**WORK TO BE COMPLETED**
Copy, word for word, the lines below from the one containing "Lodówka , stół do pizzy,kuchnia nastawna" up to and including the one containing "Alpenhotel Tirolerhof ゲルロス エクステリア 写真", with pictures left out.

**GIVEN RECORDS**

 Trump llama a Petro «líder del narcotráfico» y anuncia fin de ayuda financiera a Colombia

--

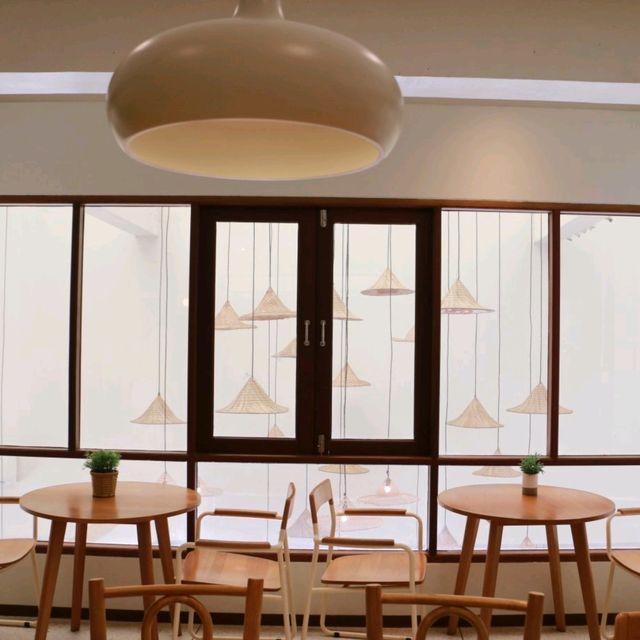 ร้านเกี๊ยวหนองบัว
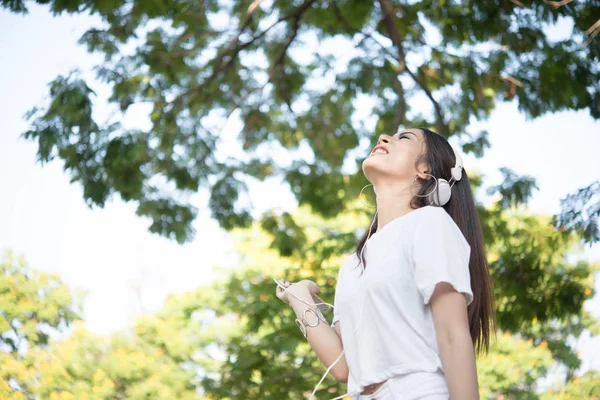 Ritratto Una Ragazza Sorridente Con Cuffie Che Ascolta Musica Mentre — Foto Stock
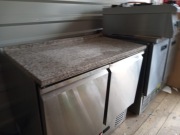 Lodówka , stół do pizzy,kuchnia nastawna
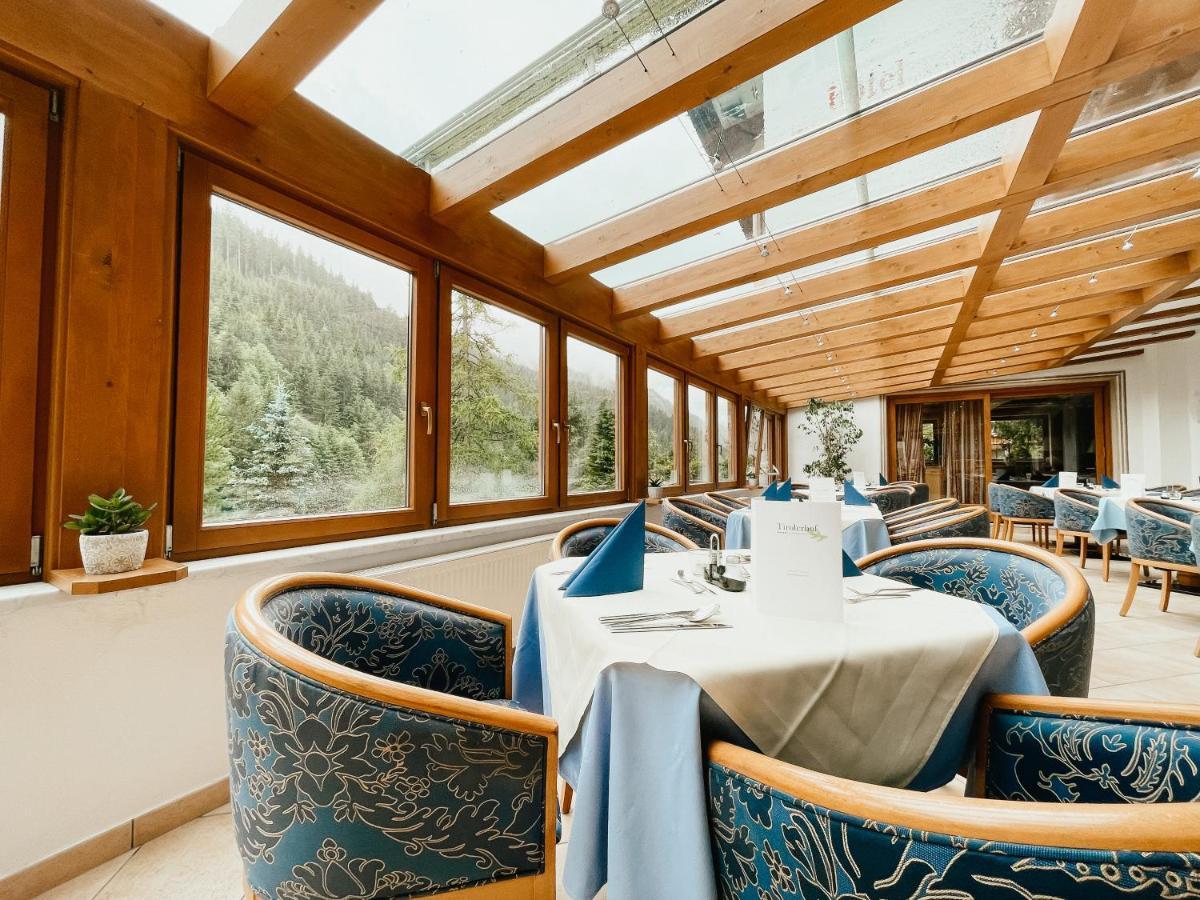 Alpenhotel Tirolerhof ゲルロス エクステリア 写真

--

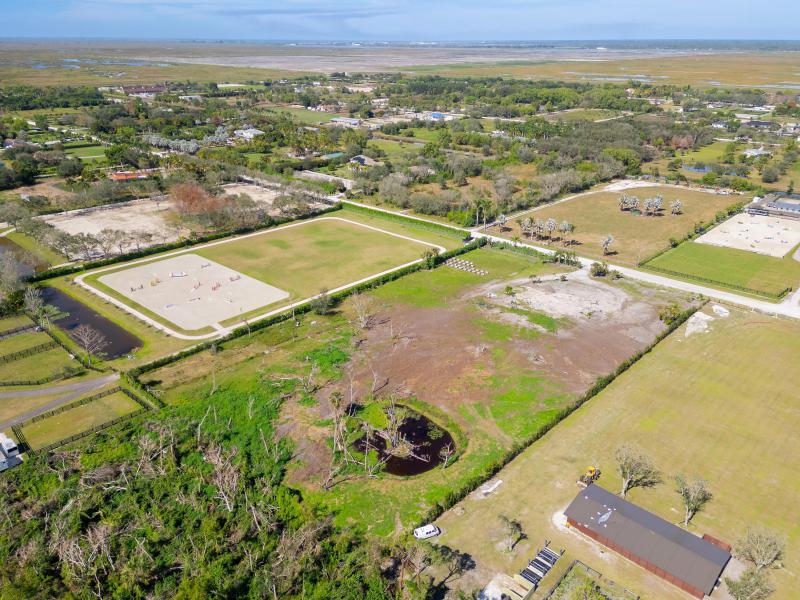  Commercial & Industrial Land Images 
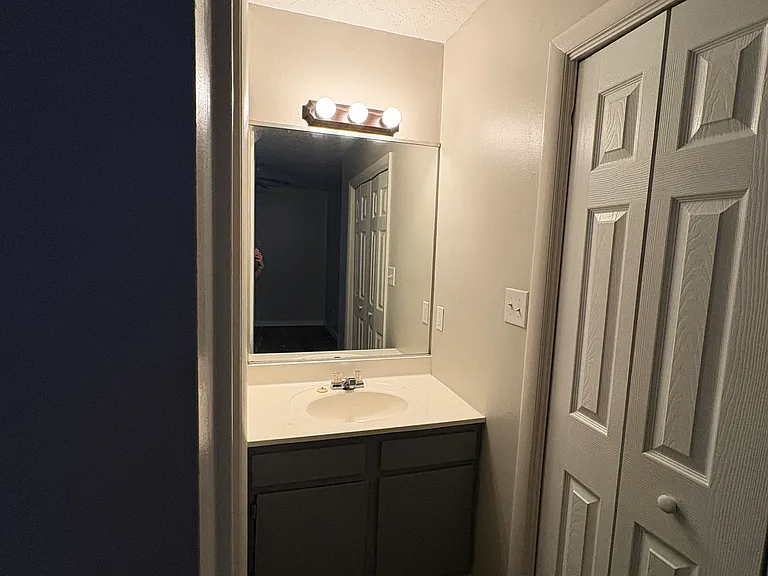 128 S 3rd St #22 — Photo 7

**REPLY TO THE TASK**
 Lodówka , stół do pizzy,kuchnia nastawna
 Alpenhotel Tirolerhof ゲルロス エクステリア 写真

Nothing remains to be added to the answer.